Ranjan Crasta | Updated on: 8 July 2015, 8:26 IST

If there's one thing the Hugh Jackman-starrer Real Steel taught us, it's that people will pay to watch robots slug it out. So imagine how much better it would be if you took away the terrible acting and miserable plotline. Well, we're going to find out exactly how much better. Soon. And it's going to be awesome. Not awesome the way your ham-and-bacon sandwich for breakfast was awesome either, but truly, mind-blowingly awesome.

America has issued a robot duel challenge to Japan. And it's been accepted.

Robots aren't anything new, but outside of sci-fi you've probably never seen anything like this.

These aren't your awww-that's-cute robots like Honda's Asimo. Think big. Now think bigger. Like Michael Bay bigger. Now add weapons. Chances are your imagination still didn't do justice to the epic-ness you're about to see.

Say hello to America's Megabot Mark II and Japan's Kuratas. Actually, don't. Just in case you manage to upset them with your insolence.

The robot battle saga began earlier this month with Megabots - a US robotics company straight out of a sci-fi nerd's wet dream.

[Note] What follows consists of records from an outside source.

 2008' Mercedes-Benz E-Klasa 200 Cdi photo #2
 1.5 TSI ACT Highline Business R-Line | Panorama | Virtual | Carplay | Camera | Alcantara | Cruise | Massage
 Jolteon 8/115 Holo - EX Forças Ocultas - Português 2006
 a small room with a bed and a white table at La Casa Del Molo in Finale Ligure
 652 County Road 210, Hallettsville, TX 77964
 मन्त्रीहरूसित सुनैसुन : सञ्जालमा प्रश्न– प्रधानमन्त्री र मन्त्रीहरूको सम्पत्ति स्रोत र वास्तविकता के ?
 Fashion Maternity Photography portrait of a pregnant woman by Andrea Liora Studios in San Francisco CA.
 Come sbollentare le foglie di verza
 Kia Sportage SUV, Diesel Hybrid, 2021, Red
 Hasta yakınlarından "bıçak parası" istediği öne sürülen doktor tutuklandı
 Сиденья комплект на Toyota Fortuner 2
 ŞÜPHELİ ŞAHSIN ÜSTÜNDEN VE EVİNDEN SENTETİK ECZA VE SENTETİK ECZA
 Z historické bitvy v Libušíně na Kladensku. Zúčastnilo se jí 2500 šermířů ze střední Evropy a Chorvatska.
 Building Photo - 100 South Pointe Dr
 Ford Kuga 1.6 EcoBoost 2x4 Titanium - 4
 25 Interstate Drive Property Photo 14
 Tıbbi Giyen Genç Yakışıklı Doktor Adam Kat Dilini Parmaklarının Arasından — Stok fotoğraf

Megabots just completed the Megabot Mark II - "America's first fully-functional giant piloted robot". And even as it was birthed, probably in a furnace of hellfire and brimstone, its creators were looking for things to destroy. Because why else would you build a gigantic mechanised war-beast with guns that shoot 3-pound paintballs at 100 mph?

I'm not just speculating either. Megabots has possibly the coolest corporate tagline in the world - "The future of sports - giant fighting robots". I'm assuming it was their investment pitch too (I'm already sold).

So what transpired next was only natural. In lieu of sparring partners in the US (Arnie was busy promoting Terminator: Genisys), they settled on one in Japan. And declared war:

Filled with American flags, patriotic music and shots of cars being wrecked by the Mark II, one wouldn't expect anyone to take them seriously. But when you build a 12,000-pound behemoth that belongs in a heavy metal video, you've earned the right to be taken seriously. Their intended victims think so too.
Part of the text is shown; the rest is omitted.